Something Bob Dylan once said has haunted me for a long time. It was part of a diatribe and I can quote only the essence, but he said something about modern civilization that has lingered somehow. He said things to the effect* that that we people (at least the ones who are ‘educated’), we live by the week, or by the fortnight. We read ‘Time’ magazine, or something similar and in-between, we just wait for the next issue to arrive by post, or be waiting for us at a news-stand. The events of the world, the moral importance, the wars, the famines, they enter our lives, almost like precise installments. We don’t really feel about any of the things reported. We just know about them. And then go back to our precise, meaningless, feeling-less lives.
I have always been angry at him after that. Angry that he it is possible that he was exaggerating. But it is equally possible that he was not. Or that he wanted us to see something, which we couldn’t. So much of our modern lives is elliptical. And relayed. But of course, there is the analysis.
Of late, my life has been contained between the trains I missed, the taxis I got stuck in and the number of steps I took between my cubicle and the tea-stall, and the magazine issues I have read. Yes, there is conversation. And love. But the way we can access even these basic things is so constrained. Even the sitcoms I watch are neat little episodes packed away for me to see and laugh whenever I want to. I will probably continue to live out these installments, for in life there is no free lunch. Nor would I have been in any way been capable of appreciating the other side.

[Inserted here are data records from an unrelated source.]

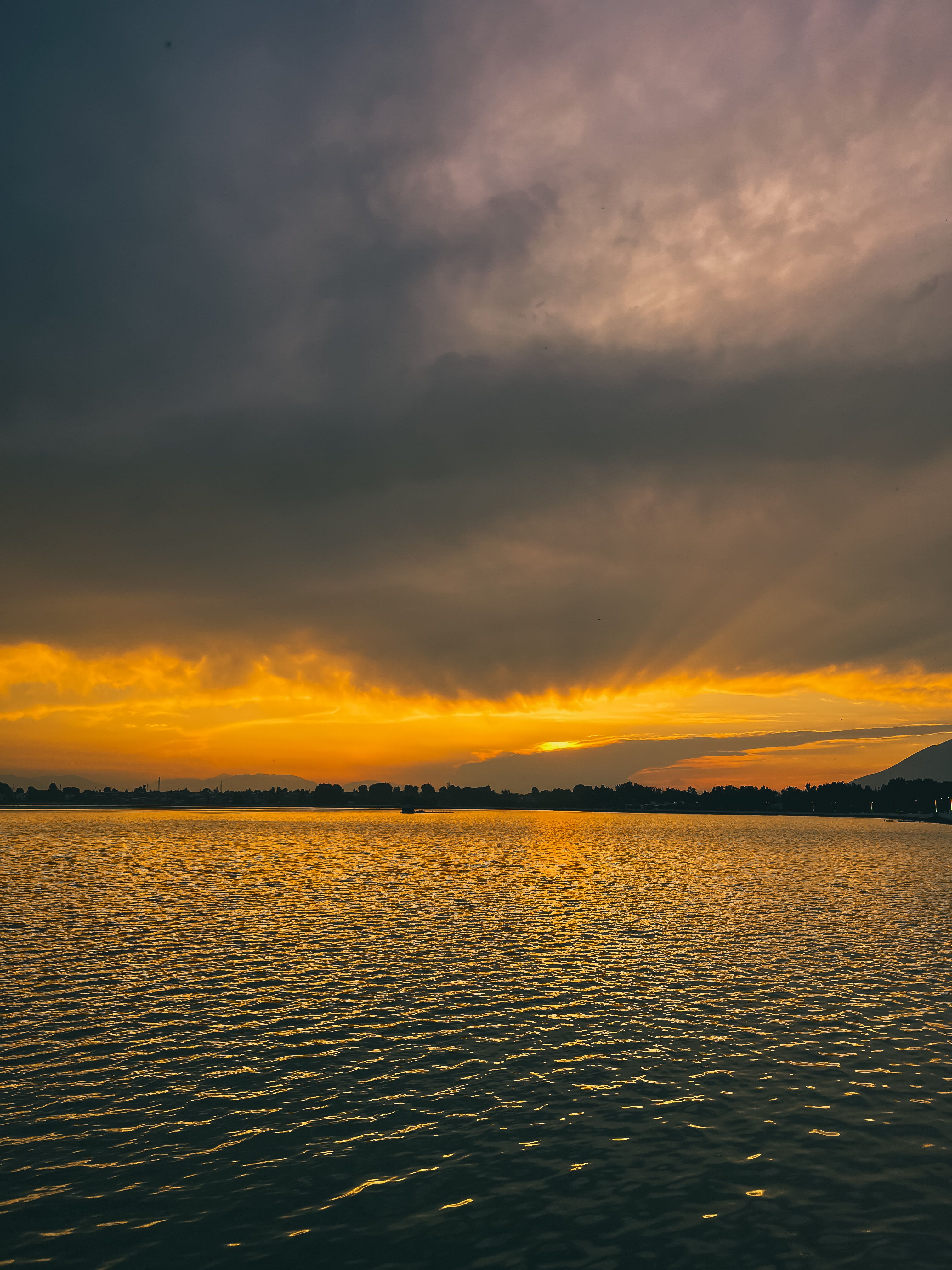 Storm Cloud over Sea Coast at Sunset · Free Stock Photo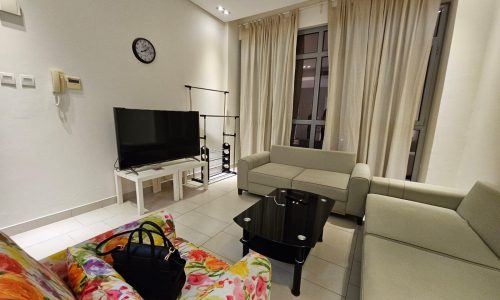 A modern living room interior at night with a flat-screen tv, a beige sofa, a colorful armchair, and glass center tables is available for rent in Seef.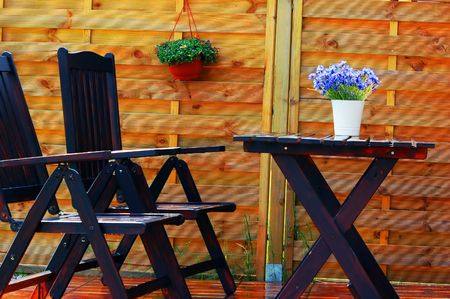 Outdoor design composed with wooden furniture and flowersの写真素材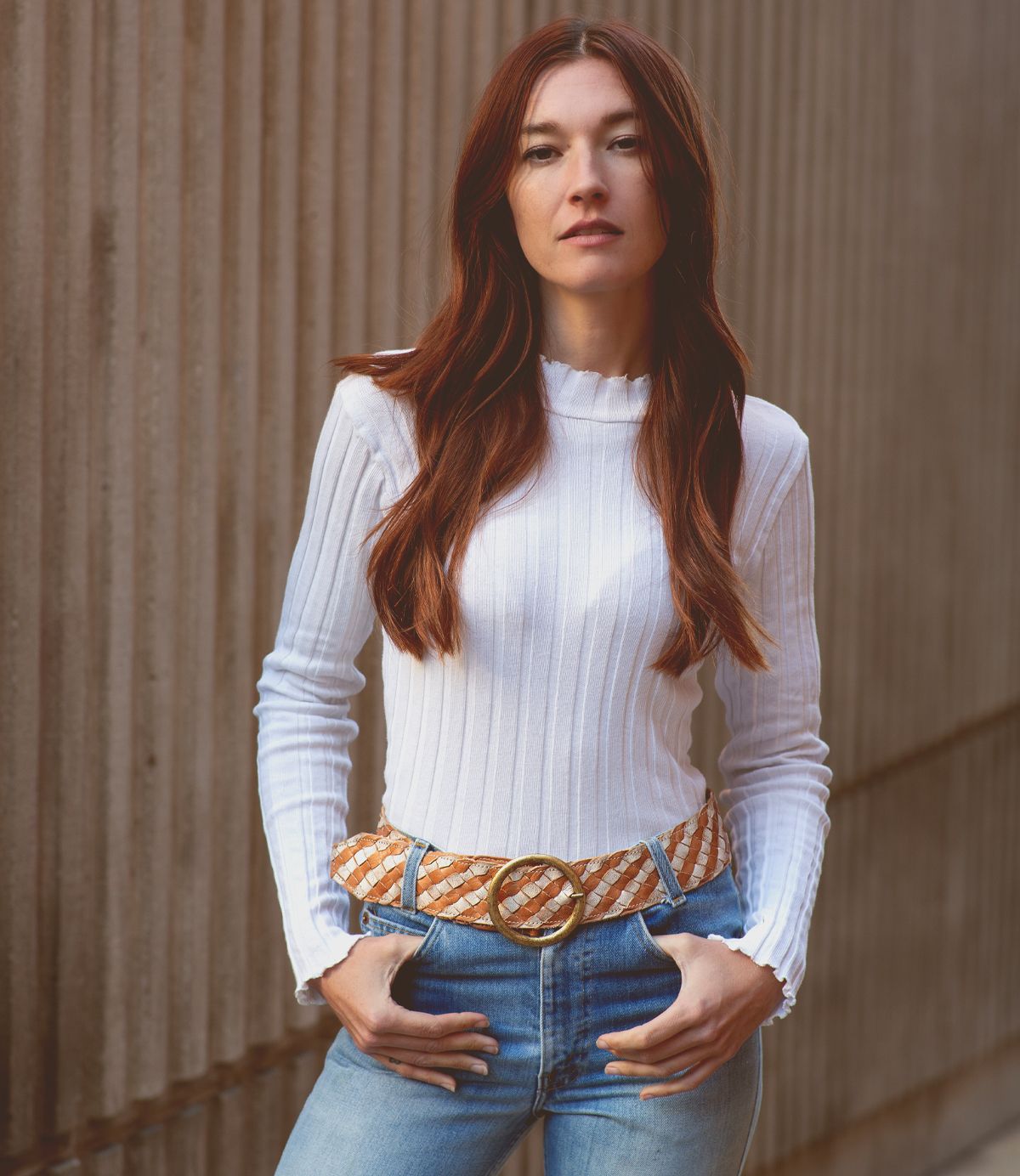 A woman with long brown hair wears a white ribbed top, blue jeans, and the Bed|Stü Dreamweaver woven leather belt, standing outdoors against a textured concrete wall and effortlessly capturing a touch of bohemian style.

But there is another side. One that I had almost forgotten. Where, on crossing a few borders, you cross into a place where these seat-belts fall away. Seat-belts like the mobile, the internet, people, concrete, fans; even firm land. Where brambles and thorns cut open the true heart-beat. The heart-beat you share with all things alive. Where you are attuned, resonating to that particular frequency where you can hear the breathing of myths, the drums of old and the sadness of ancient. It did not take much for Man to fall away and just for a moment, never to return; a sense of Gaia. It happened near a beautiful, but this-worldly beach in Goa. And yet, it did not happen here.
I did not just see dolphins. I was them.
*From what I remember of a scene from the documentary ‘No Direction Home’ by Martin Scorsese. The interpretation is purely personal.
3 responses to “Dolphins”
i read it twice, I wish I had written it…

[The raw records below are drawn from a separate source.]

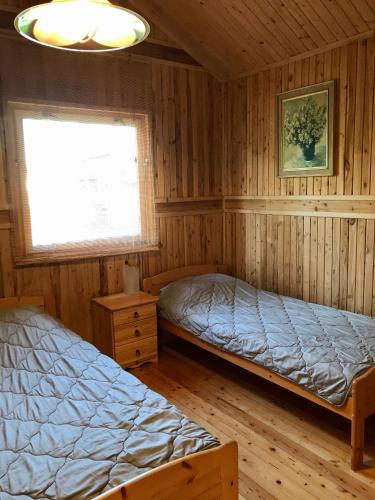 a bedroom with two beds and a window at Domek Green Dźwirzyno in Dźwirzyno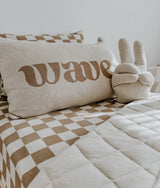 Wave lettering cushion and a bunny sherpa cushion on a bed with khaki gingham bedding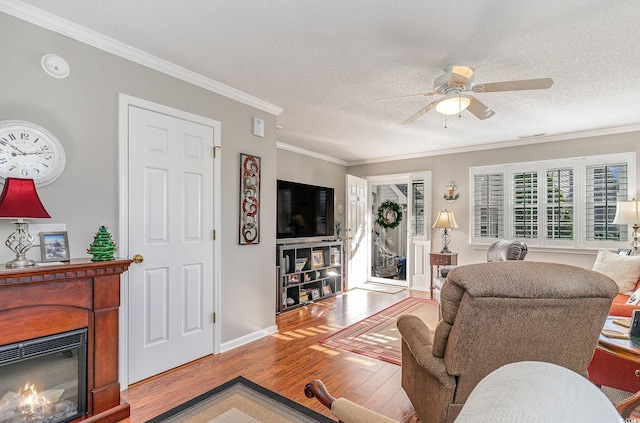 living room featuring ceiling fan, light hardwood / wood-style flooring, a textured ceiling, and ornamental molding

It was all like a breath we heard, above the surface, just for half a second, between water and air.
Blue all around us, sun in the eyes, and the magical dolphins
We took the plunge, it was more than worth it, will remember it for the rest of eternity… isn’t that what memories are made of… yes they are…. muah
🙂 sometimes words don’t really suffice. Hoping “beautiful” would make an attempt to do the trick. My favorite piece in the the world against absolutes.
Absolutely. 🙂
@Neel: Thanks a lot Neel. Means a lot.